Hal ini mendorong peneliti Jan Vijg PhD dari University School of Medicine di Cina untuk melakukan studi lebih lanjut. Vijg dan timnya menggunakan sebuah proses bernama single-cell whole genome sequencing untuk memeriksa sel-sel pada lapisan paru dari para partisipan.
Ada 19 perokok dan 14 non perokok yang terlibat dalam studi ini sebagai partisipan. Usia para partisipan memiliki rentang usia yang lebar, dari praremaja hingga pertengahan 80-an.
Sel-sel yang diteliti diambil dari sampel jaringan yang berasal dari paru-paru para partisipan. Jaringa ini diambil ketika para partisipan melakukan tes diagnosis yang tak berkaitan dengan kanker.
Para partisipan secara spesifik memeriksa sel-selyang melapisi paru-paru karena sel-sel ini bisa bertahan selama bertahun-tahun dan menumpuk mutasi seiring waktu. Mutasi-mutasi ini berkaitan dengan penuaan dan kebiasaan merokok.
"Dari semua jenis sel paru, ini merupakan yang paling mungkin menjadi kanker," jelas peneliti dan profesor dari Albert Einstein College of Medicine di New York Simon Spivack MD, seperti dilansir WebMD, Sabtu (14/5/2022).
Hasil studi menunjukkan bahwa para perokok memiliki lebih banyak mutasi yang dapat memicu kanker paru dibandingkan non perokok.
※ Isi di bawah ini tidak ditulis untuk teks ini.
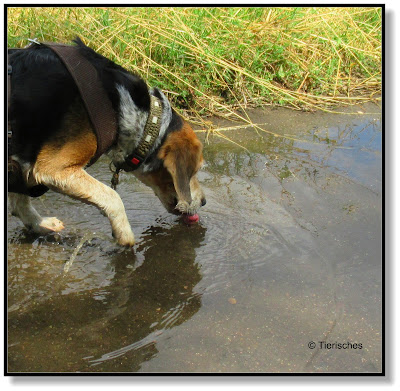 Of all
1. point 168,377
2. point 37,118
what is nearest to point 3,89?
point 37,118

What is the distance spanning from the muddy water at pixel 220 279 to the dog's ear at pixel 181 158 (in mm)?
558

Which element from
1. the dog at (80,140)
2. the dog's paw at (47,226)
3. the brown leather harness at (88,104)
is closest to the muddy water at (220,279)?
the dog's paw at (47,226)

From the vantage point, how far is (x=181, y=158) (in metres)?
4.29

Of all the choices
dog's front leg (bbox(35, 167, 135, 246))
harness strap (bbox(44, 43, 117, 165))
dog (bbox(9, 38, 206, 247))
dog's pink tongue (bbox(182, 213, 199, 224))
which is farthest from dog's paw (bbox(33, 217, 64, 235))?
dog's pink tongue (bbox(182, 213, 199, 224))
Menurut Spivack, studi ini mengonfirmasi bahwa merokok memang meningkatkan risiko kanker paru dengan cara meningkatkan frekuensi mutasi, seperti hipotesis yang sudah ada sebelumnya.
"Ini mungkin yang menjadi alasan mengapa sangat sedikit non perokok yang tidak terkena kanker paru, namun 10-20 persen perokok jangka panjang mengalaminya," lanjut Spivack.
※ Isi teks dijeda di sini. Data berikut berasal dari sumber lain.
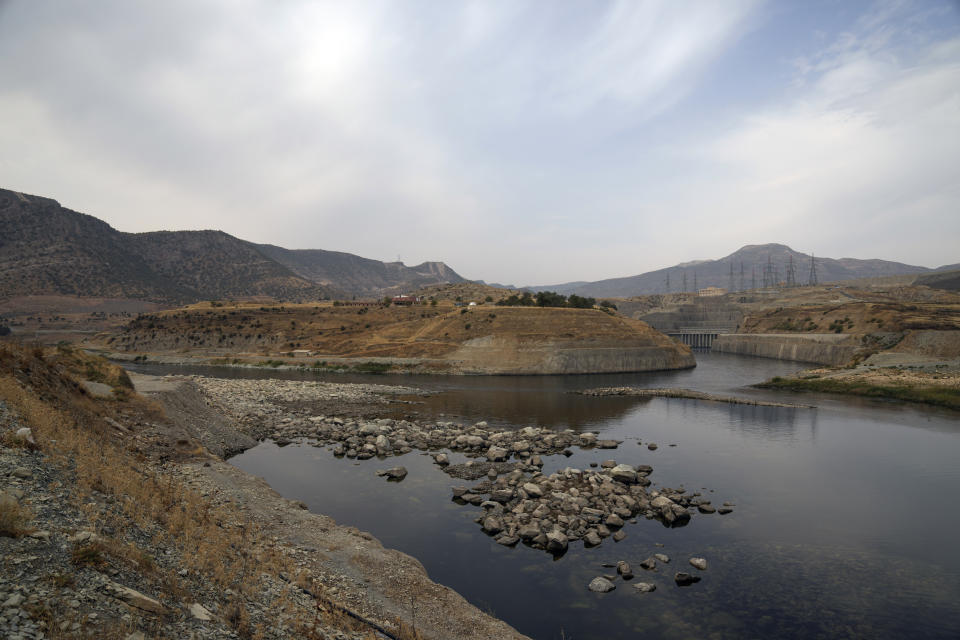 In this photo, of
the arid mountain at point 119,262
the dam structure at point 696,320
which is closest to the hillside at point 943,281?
the dam structure at point 696,320

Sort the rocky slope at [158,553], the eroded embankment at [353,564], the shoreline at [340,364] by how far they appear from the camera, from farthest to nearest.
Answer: the shoreline at [340,364] → the eroded embankment at [353,564] → the rocky slope at [158,553]

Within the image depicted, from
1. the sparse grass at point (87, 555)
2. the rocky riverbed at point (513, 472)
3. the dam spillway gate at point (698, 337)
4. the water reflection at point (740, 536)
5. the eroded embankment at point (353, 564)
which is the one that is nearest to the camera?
the sparse grass at point (87, 555)

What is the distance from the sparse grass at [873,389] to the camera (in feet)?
144

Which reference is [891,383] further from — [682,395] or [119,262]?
[119,262]

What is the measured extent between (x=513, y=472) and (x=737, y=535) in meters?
9.49

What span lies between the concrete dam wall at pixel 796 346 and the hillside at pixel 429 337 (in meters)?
20.3

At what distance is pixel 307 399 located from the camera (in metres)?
44.8

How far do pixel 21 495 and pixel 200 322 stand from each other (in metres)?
96.5

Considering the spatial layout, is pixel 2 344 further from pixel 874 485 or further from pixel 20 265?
pixel 20 265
Sebagai tambahan, tim peneliti menemukan bahwa di antara para perokok yang terlibat dalam studi ini, ada yang memiliki skor mencapai 116 pack-years. Satu pack-years setara dengan merokok sebanyak satu pak per hari selama satu tahun.
Jumlah mutasi yang ada pada sel-sel paru perokok meningkat seiring dengan semakin besarnya skor pack-years mereka. Akan tetapi, jumlah mutasi ini tampak tidak bertambah setelah perokok mencapai 23 pack-years. Hal inilah yang dinilai memberikan peluang bagi gen sebagian orang untuk melawan mutasi.
"(Sebagian perokok berat) bisa bertahan sangat lama meski memiliki kebiasaan merokok berat karena mereka dapat menekan akumulasi mutasi lebih lanjut," jelas Spivack.
Terlepas dari temuan ini, merokok tetap merupakan kebiasaan yang dapat membahayakan kesehatan. Tak ada yang dapat menjamin apakah seseorang di masa depan akan terkena kanker paru atau tidak dari kebiasaan merokok ini.
Selain kanker paru, kebiasaan merokok juga berkaitan dengan beberapa penyakit lain seperti strok, diabetes, penyakit paru obstruktif kronis, hingga penyakit jantung. Oleh karena itu, kebiasaan merokok sebaiknya dihindari.